The models, theories, and laws we devise sometimes imply the existence of objects or phenomena as yet unobserved. These predictions are remarkable triumphs and tributes to the power of science. It is the underlying order in the universe that enables scientists to make such spectacular predictions. However, if experiment does not verify our predictions, then the theory or law is wrong, no matter how elegant or convenient it is. Laws can never be known with absolute certainty because it is impossible to perform every imaginable experiment in order to confirm a law in every possible scenario. Physicists operate under the assumption that all scientific laws and theories are valid until a counterexample is observed. If a good-quality, verifiable experiment contradicts a well-established law, then the law must be modified or overthrown completely.
The study of science in general and physics in particular is an adventure much like the exploration of uncharted ocean. Discoveries are made; models, theories, and laws are formulated; and the beauty of the physical universe is made more sublime for the insights gained.

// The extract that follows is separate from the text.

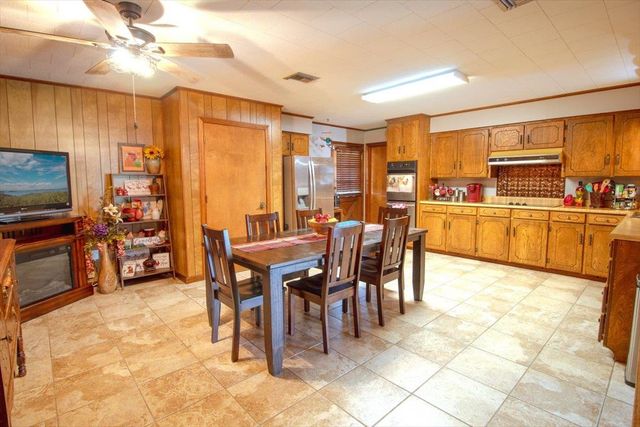 226 Glenwood Dr, Houma, LA 70363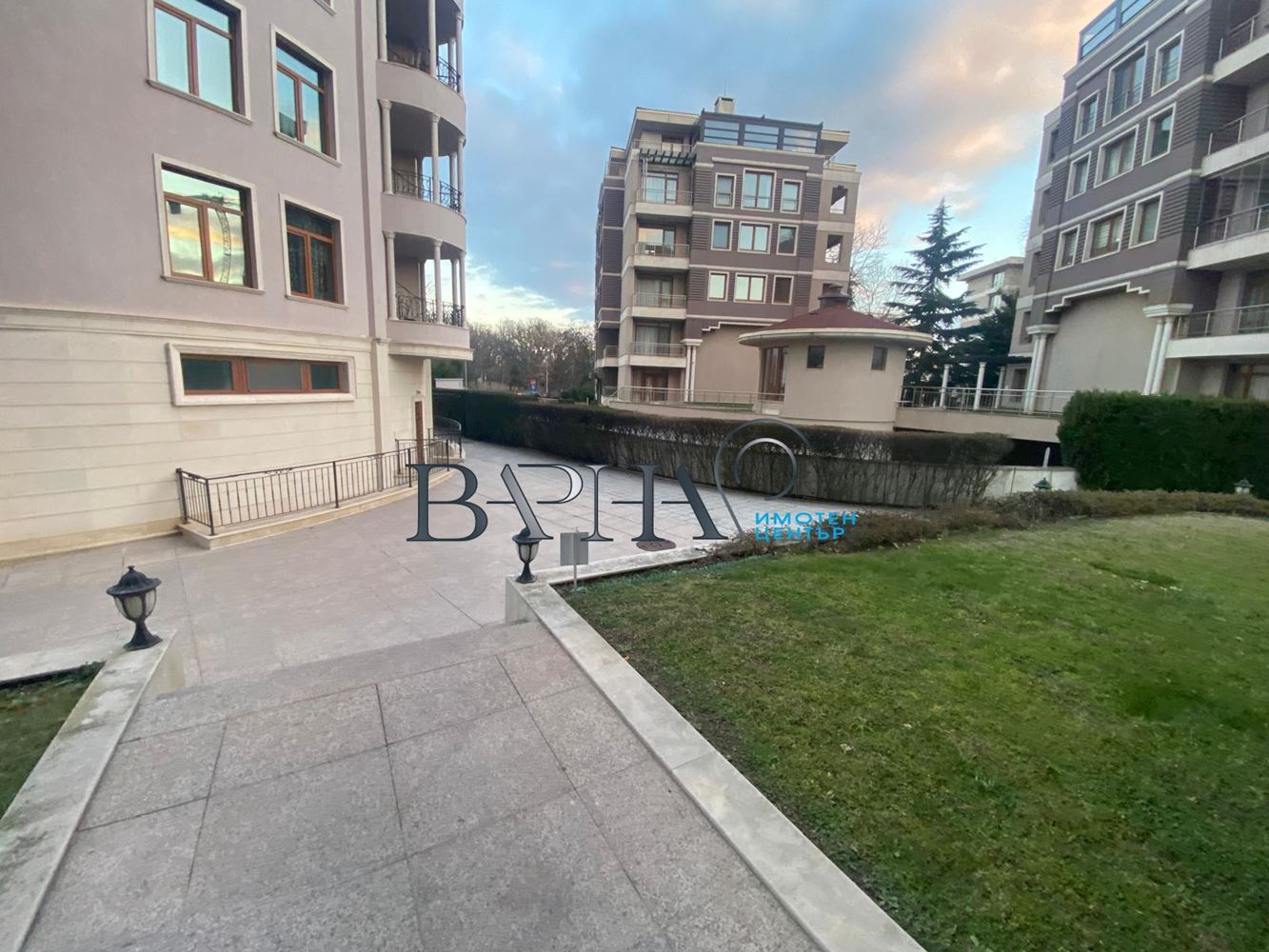 Просторен Двустаен Апартамент - 0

As scientists inquire and gather information about the world, they follow a process called the scientific method. This process typically begins with an observation and question that the scientist will research. Next, the scientist typically performs some research about the topic and then devises a hypothesis. Then, the scientist will test the hypothesis by performing an experiment. Finally, the scientist analyzes the results of the experiment and draws a conclusion. Note that the scientific method can be applied to many situations that are not limited to science, and this method can be modified to suit the situation.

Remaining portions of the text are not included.